For this input, I need the following result:

/a

/d/e

/g/h

As you see, I need the paths (or substrings) with the minimal length that have a unique prefix. /a is the minimal substring for all paths starting with /a. /d/e is the minimal substring for all paths starting with /d/e. The same goes for /g/h.

A practical application of this is to find all roots of the path trees that have a certain file in it to analyze them further. Consider this example:

/a/b/c/index.html

/a/b/index.html

/a/index.html

/d/e/f/index.html

/d/e/index.html

/g/h/index.html

Let's say I want to have the topmost (in terms of the root) paths that contain an index.html file. As a result, I want "/a/index.html", "/d/e/index.html" and "/g/h/index.html".

Any ideas? There is a lot of theory and examples for the "simple" longest common substring problem, but I have not yet found a solution for finding ALL the common longest substrings efficiently.

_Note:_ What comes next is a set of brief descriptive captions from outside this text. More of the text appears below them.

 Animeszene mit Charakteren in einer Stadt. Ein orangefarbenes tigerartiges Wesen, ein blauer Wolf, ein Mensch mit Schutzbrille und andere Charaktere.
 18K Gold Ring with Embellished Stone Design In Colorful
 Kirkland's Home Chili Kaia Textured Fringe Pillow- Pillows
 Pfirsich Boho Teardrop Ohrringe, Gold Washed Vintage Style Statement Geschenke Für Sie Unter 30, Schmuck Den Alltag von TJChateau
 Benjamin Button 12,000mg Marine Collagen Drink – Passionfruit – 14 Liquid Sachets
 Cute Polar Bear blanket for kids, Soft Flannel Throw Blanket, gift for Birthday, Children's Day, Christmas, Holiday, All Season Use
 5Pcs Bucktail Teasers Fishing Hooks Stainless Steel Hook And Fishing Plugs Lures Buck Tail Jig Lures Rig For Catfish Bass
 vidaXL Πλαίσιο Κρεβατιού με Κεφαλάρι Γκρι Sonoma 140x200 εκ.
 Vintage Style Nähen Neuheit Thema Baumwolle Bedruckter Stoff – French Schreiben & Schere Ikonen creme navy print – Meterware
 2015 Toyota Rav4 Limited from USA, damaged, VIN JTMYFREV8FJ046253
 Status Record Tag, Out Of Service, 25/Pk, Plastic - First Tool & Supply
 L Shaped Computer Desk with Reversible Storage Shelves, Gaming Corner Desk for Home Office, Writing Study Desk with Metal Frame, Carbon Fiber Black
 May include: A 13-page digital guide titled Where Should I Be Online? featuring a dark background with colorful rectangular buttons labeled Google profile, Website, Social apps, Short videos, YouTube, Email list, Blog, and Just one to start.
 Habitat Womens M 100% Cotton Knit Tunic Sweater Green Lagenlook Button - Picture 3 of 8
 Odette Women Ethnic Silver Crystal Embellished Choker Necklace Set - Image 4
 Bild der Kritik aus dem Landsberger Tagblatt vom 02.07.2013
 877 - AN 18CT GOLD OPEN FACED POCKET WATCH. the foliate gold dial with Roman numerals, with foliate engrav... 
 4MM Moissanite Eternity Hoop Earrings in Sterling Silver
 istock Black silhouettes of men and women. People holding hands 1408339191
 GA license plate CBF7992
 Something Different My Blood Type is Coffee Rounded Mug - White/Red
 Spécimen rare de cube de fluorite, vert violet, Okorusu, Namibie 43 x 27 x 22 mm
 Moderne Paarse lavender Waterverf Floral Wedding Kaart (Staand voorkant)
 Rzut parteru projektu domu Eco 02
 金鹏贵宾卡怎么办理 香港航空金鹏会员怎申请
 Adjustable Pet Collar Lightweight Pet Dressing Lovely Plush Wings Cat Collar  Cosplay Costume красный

A solution with pseudo code would be highly appreciated.

1
Is the longest substring always going to be a member of the group? And, what language are you using? (You can add a tag for that.) And, I don't see why /g/h would be part of the output.Gordon Linoff
From your example I assume you need something like the smallest set of substrings that covers your entire list. Is this correct?biziclop
There is no common substring if you consider all the items of your input, are you talking about 3 different inputs and their corresponding outputs?Aaron
Dear upvoter, please do tell us, what the task is...Karoly Horvath
@KarolyHorvath No, I mean that a covers the first three entries (abc, ab and a), de covers de and def and gh covers gh. So there is no element in the source set which hasn't got a substring in the result set. That's my guess :)biziclop

1 Answers

0
votes

Now with the improved description I think the following algorithm will do:

  1. Split the list of strings into a list of segments (list of array of string)
  2. Start with i = 1 and increase it every iteration doing the following (step 3 and 4) until there are no more items in the list of segments:
  3. Add all segment arrays with length i to the list (if not already in there) of current solutions and the corresponding paths to the final solution.
  4. Remove all items from the list of segments for which the first i items are the same as for one of the items in the current solution (then reset the current solution).